O México se cansou de 2014

A matança de Iguala e entraves econômicos emperraram o ano das reformas

Menino em protesto pelos 43 desaparecidos em Iguala.
Menino em protesto pelos 43 desaparecidos em Iguala.A. ESTRELLA (AFP)

Na sexta-feira, 7 de novembro, o promotor-geral do México, Jesús Murillo Karam, deu uma entrevistra coletiva na qual expôs os depoimentos que informavam que os 43 estudantes haviam sido assassinados por uma aliança narco-policial comandada por um prefeito. No final de uma longa rodada de perguntas, disse: “Já me cansei.” Essas palavras foram interpretadas como um símbolo da negligência institucional —em diferentes calibres, da ineficiência à corrupção criminosa— que afeta o México até extremos de ressonância mundial, como o caso Iguala.

O ano começou com otimismo.

O lado econômico despontou com um horizonte promissor para o Governo de Enrique Peña Nieto.
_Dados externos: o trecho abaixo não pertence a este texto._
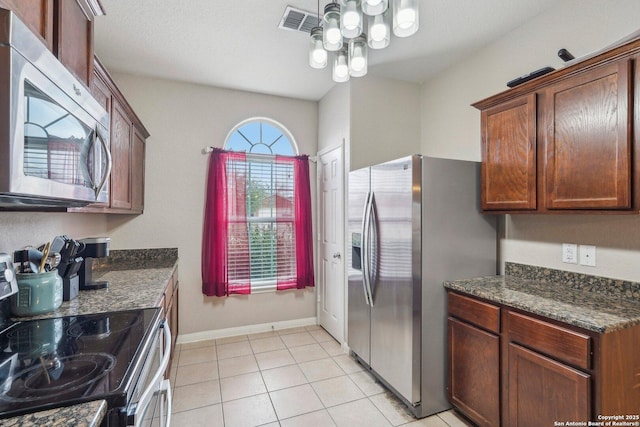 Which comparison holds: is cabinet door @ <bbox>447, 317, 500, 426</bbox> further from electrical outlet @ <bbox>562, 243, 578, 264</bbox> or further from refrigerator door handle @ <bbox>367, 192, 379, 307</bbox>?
electrical outlet @ <bbox>562, 243, 578, 264</bbox>

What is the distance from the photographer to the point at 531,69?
86.8 inches

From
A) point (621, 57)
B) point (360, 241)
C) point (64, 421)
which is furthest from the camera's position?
point (360, 241)

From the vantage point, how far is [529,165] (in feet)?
6.20

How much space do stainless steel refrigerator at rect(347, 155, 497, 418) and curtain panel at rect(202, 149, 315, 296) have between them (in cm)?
131

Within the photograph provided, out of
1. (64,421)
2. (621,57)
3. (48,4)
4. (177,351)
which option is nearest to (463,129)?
(621,57)

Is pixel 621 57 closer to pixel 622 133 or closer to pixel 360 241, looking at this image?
pixel 622 133

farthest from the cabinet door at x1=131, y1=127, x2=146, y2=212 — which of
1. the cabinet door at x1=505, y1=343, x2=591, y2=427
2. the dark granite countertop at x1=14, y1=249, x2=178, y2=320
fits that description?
the cabinet door at x1=505, y1=343, x2=591, y2=427

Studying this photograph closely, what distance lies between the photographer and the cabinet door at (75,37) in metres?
1.09

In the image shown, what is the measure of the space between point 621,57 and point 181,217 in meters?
3.53

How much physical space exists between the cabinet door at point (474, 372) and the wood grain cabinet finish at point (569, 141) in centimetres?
84

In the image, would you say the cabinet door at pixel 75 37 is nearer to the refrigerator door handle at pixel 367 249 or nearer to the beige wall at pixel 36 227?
the beige wall at pixel 36 227

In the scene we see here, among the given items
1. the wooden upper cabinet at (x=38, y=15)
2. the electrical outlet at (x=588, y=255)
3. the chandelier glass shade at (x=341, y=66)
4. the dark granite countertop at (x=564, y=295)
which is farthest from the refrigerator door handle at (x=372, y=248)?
the wooden upper cabinet at (x=38, y=15)

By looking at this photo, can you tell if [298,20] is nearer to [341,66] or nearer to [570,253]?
[341,66]

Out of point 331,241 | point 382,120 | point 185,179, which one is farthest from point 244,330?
point 382,120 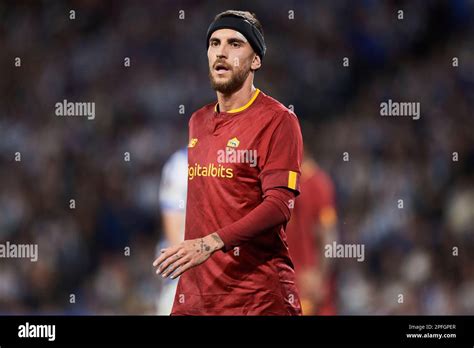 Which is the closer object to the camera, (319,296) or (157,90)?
(319,296)

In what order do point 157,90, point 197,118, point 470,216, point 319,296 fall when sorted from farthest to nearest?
point 157,90
point 470,216
point 319,296
point 197,118

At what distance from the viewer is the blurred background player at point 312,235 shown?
672 centimetres

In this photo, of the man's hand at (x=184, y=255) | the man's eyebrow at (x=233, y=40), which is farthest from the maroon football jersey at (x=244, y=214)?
the man's eyebrow at (x=233, y=40)

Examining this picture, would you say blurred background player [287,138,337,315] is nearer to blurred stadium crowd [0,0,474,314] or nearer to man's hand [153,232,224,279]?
blurred stadium crowd [0,0,474,314]

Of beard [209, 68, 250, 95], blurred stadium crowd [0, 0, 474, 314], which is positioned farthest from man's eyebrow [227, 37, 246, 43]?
blurred stadium crowd [0, 0, 474, 314]

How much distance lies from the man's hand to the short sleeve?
392mm

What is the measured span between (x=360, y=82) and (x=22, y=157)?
2.86 meters

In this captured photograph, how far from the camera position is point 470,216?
300 inches

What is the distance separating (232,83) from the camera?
4.48 m

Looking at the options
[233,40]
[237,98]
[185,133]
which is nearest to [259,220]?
[237,98]

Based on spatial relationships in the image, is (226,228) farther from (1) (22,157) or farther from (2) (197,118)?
(1) (22,157)

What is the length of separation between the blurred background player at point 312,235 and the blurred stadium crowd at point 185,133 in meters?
0.68

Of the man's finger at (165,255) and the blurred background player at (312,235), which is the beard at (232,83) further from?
the blurred background player at (312,235)

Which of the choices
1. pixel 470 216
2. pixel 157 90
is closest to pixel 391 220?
pixel 470 216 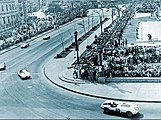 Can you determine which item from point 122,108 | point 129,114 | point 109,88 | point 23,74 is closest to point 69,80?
point 109,88

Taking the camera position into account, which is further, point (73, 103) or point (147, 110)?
point (73, 103)

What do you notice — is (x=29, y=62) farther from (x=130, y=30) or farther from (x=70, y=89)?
(x=130, y=30)

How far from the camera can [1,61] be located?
57406 mm

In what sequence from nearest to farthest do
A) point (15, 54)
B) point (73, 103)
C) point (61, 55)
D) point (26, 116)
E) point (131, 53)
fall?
point (26, 116)
point (73, 103)
point (131, 53)
point (61, 55)
point (15, 54)

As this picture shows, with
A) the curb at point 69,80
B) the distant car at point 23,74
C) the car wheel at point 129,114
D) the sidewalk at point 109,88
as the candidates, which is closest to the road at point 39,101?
the car wheel at point 129,114

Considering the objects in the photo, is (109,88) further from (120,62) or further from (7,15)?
(7,15)

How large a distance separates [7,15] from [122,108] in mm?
78454

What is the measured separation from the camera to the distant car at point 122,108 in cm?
2928

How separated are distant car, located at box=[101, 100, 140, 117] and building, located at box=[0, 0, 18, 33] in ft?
232

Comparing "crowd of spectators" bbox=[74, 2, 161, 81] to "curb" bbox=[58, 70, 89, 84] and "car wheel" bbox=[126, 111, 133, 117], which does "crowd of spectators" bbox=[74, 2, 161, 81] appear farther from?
"car wheel" bbox=[126, 111, 133, 117]

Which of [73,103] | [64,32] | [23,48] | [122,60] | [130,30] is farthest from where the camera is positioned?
[64,32]

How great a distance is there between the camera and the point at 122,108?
97.7ft

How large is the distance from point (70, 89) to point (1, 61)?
23.7m

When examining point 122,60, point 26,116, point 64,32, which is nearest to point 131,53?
point 122,60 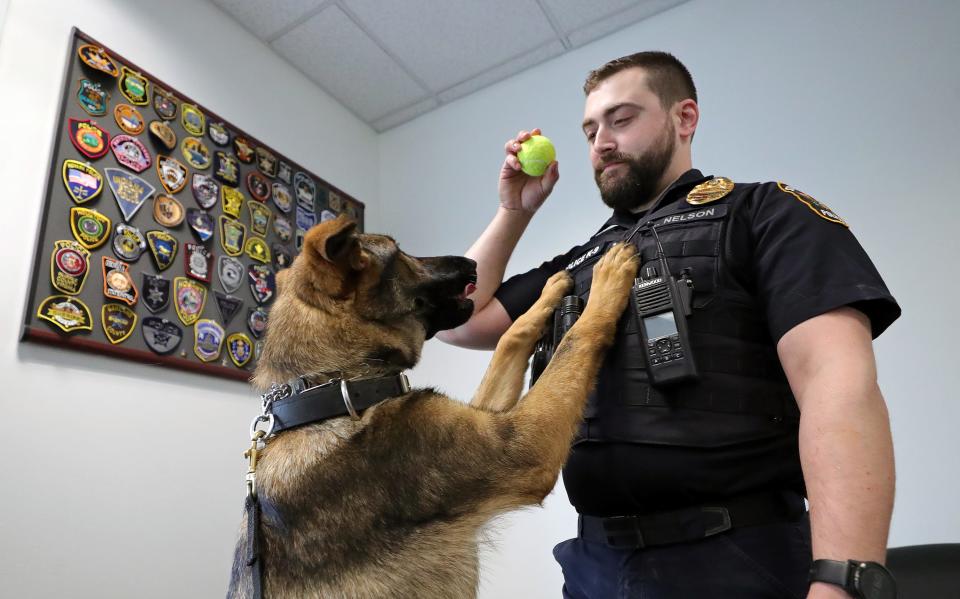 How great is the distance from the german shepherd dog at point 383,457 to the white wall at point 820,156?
4.48ft

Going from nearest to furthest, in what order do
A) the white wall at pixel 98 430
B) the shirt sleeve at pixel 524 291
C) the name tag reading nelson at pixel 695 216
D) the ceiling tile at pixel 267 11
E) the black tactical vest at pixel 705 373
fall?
the black tactical vest at pixel 705 373 < the name tag reading nelson at pixel 695 216 < the shirt sleeve at pixel 524 291 < the white wall at pixel 98 430 < the ceiling tile at pixel 267 11

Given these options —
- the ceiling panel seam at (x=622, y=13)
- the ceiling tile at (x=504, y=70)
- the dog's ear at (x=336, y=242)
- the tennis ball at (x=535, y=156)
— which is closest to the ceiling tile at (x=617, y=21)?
the ceiling panel seam at (x=622, y=13)

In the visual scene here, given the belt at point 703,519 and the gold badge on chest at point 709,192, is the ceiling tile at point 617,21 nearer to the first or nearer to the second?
the gold badge on chest at point 709,192

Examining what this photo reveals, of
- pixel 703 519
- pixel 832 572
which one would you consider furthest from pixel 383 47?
pixel 832 572

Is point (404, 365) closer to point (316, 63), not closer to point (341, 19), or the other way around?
point (341, 19)

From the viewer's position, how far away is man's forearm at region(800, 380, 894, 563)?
79 centimetres

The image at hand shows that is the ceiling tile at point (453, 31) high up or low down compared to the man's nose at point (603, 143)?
up

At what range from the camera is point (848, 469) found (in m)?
0.81

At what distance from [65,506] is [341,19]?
8.50 ft

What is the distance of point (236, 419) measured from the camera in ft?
8.86

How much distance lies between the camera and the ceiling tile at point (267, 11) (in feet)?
10.1

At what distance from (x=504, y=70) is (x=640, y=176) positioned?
246cm

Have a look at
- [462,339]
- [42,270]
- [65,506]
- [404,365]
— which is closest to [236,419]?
[65,506]

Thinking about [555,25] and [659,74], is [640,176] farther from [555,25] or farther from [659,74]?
[555,25] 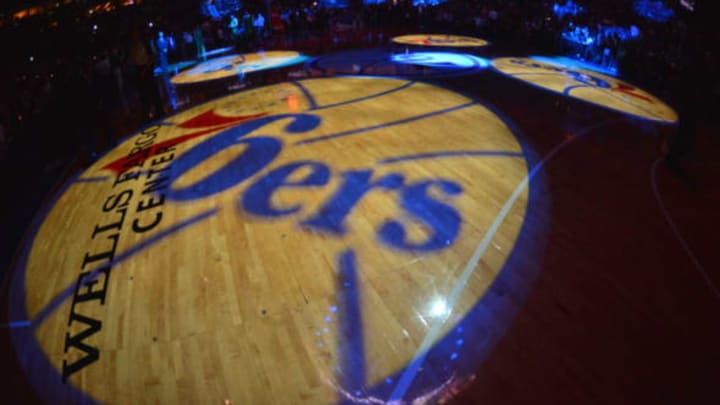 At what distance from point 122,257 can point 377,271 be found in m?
2.72

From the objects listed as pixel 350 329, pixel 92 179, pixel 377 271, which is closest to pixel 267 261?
pixel 377 271

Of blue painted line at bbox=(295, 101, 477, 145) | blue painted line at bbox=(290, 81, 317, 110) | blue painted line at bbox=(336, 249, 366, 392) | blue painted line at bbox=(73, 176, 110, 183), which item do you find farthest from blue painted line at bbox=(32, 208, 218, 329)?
blue painted line at bbox=(290, 81, 317, 110)

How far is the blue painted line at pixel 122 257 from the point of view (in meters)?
3.59

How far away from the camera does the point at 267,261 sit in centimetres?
401

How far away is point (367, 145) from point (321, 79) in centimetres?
512

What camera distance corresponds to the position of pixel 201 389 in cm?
279

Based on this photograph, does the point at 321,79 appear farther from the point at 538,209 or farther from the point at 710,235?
the point at 710,235

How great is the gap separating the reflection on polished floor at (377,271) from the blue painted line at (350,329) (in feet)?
0.06

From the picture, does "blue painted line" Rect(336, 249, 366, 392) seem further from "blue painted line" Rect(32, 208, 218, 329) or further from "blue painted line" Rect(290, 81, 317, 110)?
"blue painted line" Rect(290, 81, 317, 110)

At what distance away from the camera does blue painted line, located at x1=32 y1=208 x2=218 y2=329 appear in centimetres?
359

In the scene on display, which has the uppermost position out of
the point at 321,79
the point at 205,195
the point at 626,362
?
the point at 321,79

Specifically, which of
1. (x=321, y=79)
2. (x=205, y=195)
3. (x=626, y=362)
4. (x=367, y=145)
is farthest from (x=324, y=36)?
(x=626, y=362)

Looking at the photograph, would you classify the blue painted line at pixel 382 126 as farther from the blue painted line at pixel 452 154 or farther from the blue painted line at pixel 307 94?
the blue painted line at pixel 307 94

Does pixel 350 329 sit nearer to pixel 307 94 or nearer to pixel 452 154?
pixel 452 154
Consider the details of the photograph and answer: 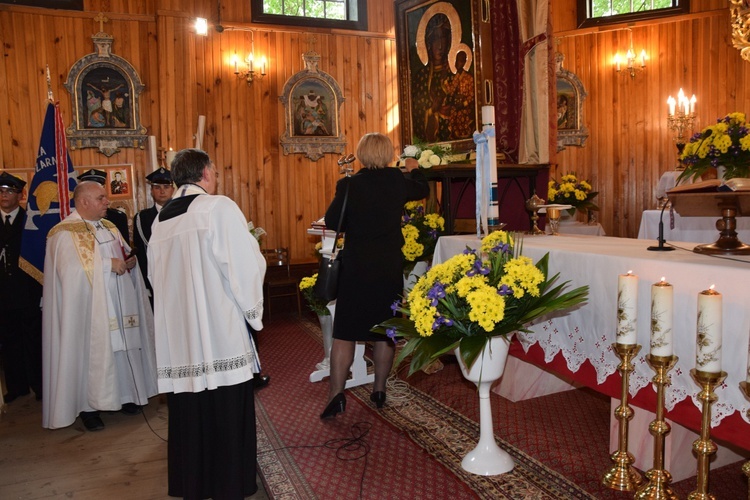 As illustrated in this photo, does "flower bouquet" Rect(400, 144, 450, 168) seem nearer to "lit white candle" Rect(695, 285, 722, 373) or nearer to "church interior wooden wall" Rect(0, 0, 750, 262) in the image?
"lit white candle" Rect(695, 285, 722, 373)

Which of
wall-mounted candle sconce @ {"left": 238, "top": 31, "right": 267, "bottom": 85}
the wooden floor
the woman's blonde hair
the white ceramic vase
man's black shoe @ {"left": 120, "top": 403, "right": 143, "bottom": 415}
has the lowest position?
the wooden floor

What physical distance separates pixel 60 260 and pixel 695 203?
4092mm

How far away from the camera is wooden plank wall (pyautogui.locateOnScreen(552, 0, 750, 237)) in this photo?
346 inches

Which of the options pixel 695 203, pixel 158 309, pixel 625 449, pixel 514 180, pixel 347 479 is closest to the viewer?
pixel 625 449

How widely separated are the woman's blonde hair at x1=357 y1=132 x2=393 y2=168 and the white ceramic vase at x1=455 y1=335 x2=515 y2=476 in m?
1.43

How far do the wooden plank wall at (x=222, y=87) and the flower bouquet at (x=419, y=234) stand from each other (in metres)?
4.49

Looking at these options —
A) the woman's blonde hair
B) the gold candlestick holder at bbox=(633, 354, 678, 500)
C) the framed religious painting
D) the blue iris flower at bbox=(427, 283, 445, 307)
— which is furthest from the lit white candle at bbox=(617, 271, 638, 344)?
the framed religious painting

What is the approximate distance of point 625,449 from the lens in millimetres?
2549

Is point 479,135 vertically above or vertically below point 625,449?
above

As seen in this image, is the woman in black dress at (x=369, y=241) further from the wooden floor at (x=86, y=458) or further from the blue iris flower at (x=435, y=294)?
the wooden floor at (x=86, y=458)

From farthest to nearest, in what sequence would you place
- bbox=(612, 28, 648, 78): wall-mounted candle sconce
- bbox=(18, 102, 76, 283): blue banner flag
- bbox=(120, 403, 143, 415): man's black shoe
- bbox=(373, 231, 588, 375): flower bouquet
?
bbox=(612, 28, 648, 78): wall-mounted candle sconce, bbox=(18, 102, 76, 283): blue banner flag, bbox=(120, 403, 143, 415): man's black shoe, bbox=(373, 231, 588, 375): flower bouquet

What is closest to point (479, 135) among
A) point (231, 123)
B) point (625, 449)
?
point (625, 449)

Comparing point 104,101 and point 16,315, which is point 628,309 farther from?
point 104,101

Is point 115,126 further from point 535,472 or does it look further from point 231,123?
point 535,472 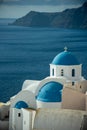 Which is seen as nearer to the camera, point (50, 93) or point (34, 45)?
point (50, 93)

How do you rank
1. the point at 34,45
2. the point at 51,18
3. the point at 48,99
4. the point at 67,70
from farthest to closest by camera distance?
the point at 34,45 → the point at 51,18 → the point at 67,70 → the point at 48,99

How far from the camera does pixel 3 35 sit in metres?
20.0

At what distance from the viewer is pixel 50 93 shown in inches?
417

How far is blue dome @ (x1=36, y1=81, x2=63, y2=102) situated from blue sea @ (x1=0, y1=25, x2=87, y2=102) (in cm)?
751

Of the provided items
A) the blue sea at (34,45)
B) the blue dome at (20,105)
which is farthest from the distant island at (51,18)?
the blue dome at (20,105)

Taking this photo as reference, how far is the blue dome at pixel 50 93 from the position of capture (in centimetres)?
1057

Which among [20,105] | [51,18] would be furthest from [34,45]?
Answer: [20,105]

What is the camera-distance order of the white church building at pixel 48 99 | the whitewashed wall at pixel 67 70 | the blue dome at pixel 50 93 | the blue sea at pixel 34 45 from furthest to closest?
the blue sea at pixel 34 45 < the whitewashed wall at pixel 67 70 < the blue dome at pixel 50 93 < the white church building at pixel 48 99

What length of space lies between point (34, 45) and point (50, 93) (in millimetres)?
9483

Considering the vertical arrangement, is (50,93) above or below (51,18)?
below

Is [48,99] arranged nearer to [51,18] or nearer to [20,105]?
[20,105]

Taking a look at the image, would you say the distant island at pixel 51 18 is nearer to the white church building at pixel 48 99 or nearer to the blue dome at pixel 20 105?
the white church building at pixel 48 99

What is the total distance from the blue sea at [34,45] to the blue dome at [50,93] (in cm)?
751

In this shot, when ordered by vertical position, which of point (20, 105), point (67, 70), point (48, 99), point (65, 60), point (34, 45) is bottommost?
point (20, 105) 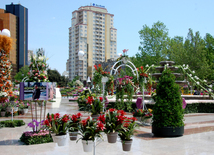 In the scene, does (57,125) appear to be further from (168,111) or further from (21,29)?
(21,29)

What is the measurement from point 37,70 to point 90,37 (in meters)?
112

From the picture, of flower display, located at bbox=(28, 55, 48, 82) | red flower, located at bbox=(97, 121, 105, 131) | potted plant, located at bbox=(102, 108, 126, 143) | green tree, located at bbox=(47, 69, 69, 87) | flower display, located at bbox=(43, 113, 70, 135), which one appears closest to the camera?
red flower, located at bbox=(97, 121, 105, 131)

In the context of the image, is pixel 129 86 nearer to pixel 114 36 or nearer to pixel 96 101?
pixel 96 101

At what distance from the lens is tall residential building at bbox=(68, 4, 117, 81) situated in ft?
377

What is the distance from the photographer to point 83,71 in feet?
372

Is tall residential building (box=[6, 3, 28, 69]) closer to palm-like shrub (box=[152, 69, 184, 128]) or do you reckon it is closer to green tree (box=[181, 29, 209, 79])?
green tree (box=[181, 29, 209, 79])

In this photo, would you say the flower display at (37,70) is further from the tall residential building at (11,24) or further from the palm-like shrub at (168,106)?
the tall residential building at (11,24)

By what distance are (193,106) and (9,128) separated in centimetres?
1424

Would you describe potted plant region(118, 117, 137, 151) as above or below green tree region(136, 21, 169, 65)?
below

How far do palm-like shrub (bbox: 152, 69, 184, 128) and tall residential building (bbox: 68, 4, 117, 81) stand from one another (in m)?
104

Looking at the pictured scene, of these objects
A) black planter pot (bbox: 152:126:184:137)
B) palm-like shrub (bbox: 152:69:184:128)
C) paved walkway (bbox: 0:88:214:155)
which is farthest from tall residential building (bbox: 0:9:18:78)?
black planter pot (bbox: 152:126:184:137)

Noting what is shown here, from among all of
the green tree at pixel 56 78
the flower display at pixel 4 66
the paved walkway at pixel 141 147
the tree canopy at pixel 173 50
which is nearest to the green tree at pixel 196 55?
the tree canopy at pixel 173 50

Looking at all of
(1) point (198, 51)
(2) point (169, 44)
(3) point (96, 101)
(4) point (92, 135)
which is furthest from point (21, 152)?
(2) point (169, 44)

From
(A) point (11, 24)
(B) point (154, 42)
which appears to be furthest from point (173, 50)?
(A) point (11, 24) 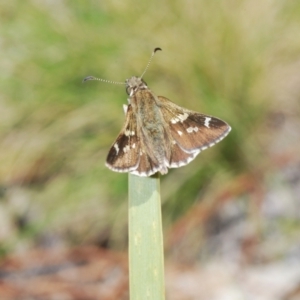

As expectativas geradas pelas reformas legislativas de 2013 dispararam as previsões de crescimento para 2014, até quase 4%. Mas o passar dos meses mostrou que as mudanças nos três grandes pilares produtivos —energia, financeiro e de telecomunicações— são de longo prazo e precisam de mais tempo para testar seus efeitos. O brilho das reformas foi escurecendo e no último trimestre foi totalmente eclipsado pela repentina queda do preço do petróleo, e pela forte depreciação do peso em relação ao dólar, um obstáculo econômico que somado ao caso Iguala formou uma tempestade política perfeita, à qual foram acrescentadas duas cerejas domésticas servidas por investigações jornalísticas: a esposa do presidente, Angélica Rivera, e o secretário da Fazenda, Luis Videgaray, compraram residências de uma construtora próxima à cúpula do Governo com um evidente conflito de interesses.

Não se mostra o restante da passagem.